→ **Problem**: For this exercise, retype every record below exactly and keep the pictures out.

→ **Input data**:

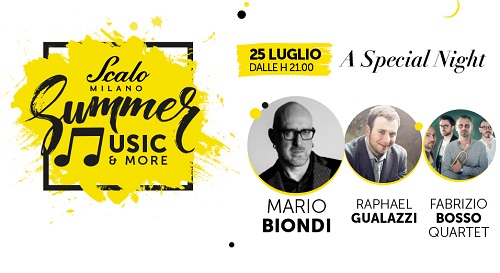 Biondi Gualazzi Bosso Quartet Biondi Gualazzi Bosso Quartet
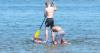 Northern Ireland can expect more frequent extreme heat in summer and increasingly wet, stormy winters, Queen’s climate scientist warns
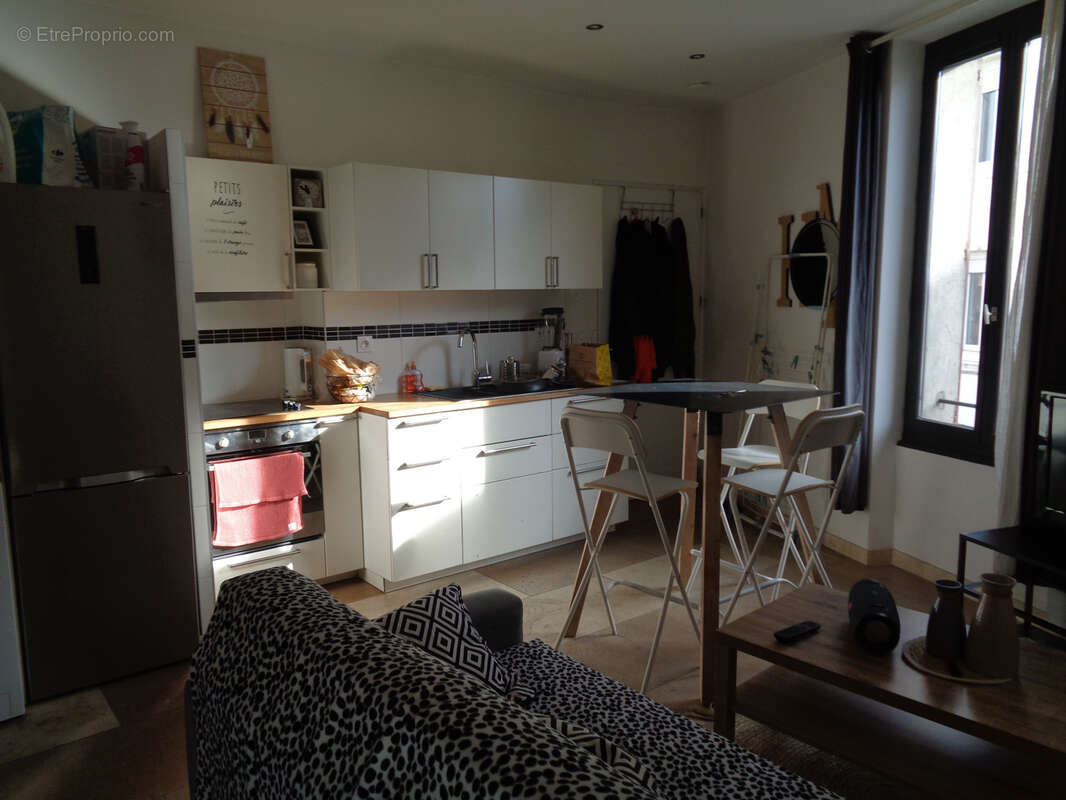 Appartement à NIMES
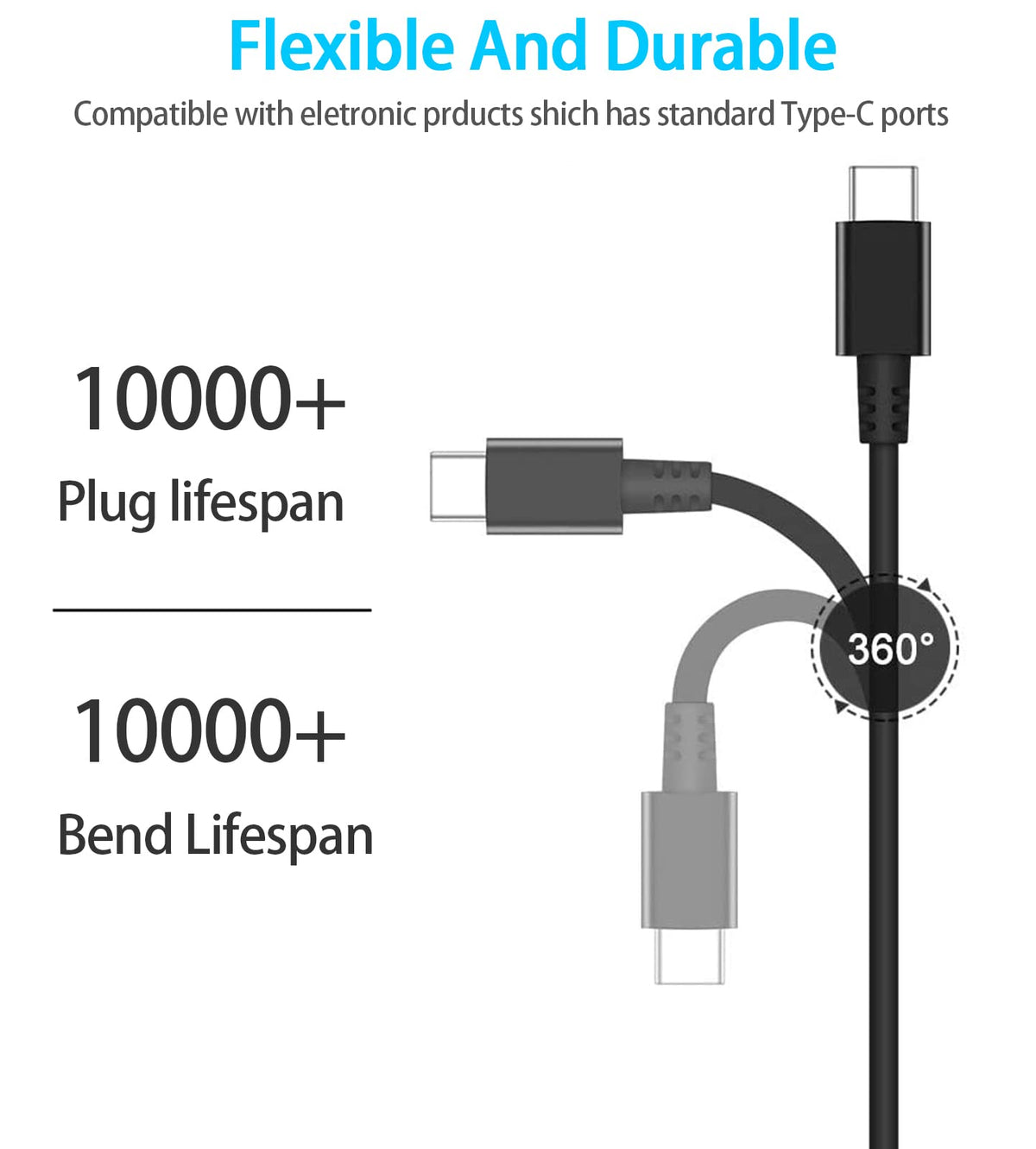 DMKAOLLK charger compatibility label for ThinkPad and Chromebook models.
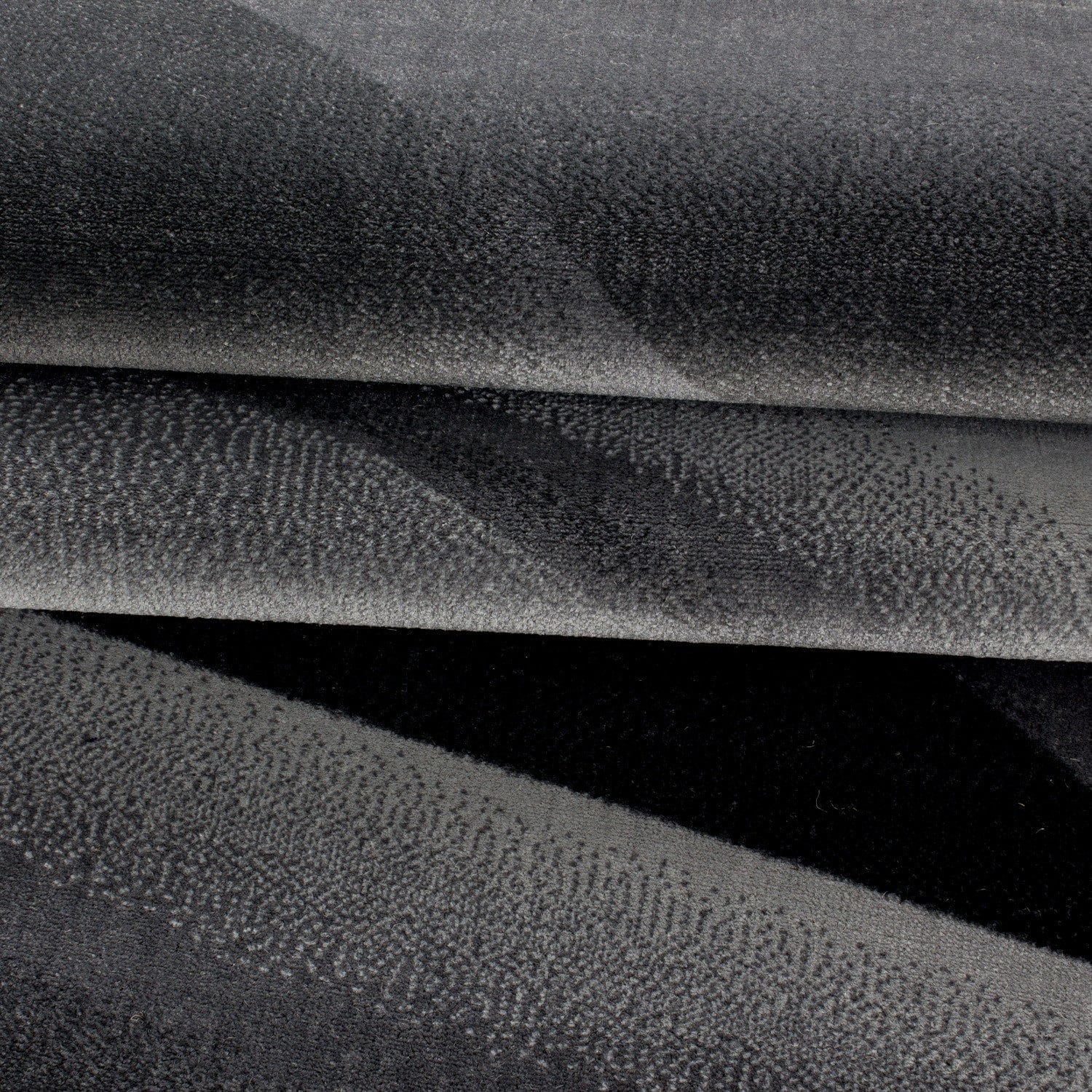 Ayyildiz Teppiche Tappeto Miami 6590 Abstract Nero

→ **Exercise output**:
 Biondi Gualazzi Bosso Quartet Biondi Gualazzi Bosso Quartet
 Northern Ireland can expect more frequent extreme heat in summer and increasingly wet, stormy winters, Queen’s climate scientist warns
 Appartement à NIMES
 DMKAOLLK charger compatibility label for ThinkPad and Chromebook models.
 Ayyildiz Teppiche Tappeto Miami 6590 Abstract Nero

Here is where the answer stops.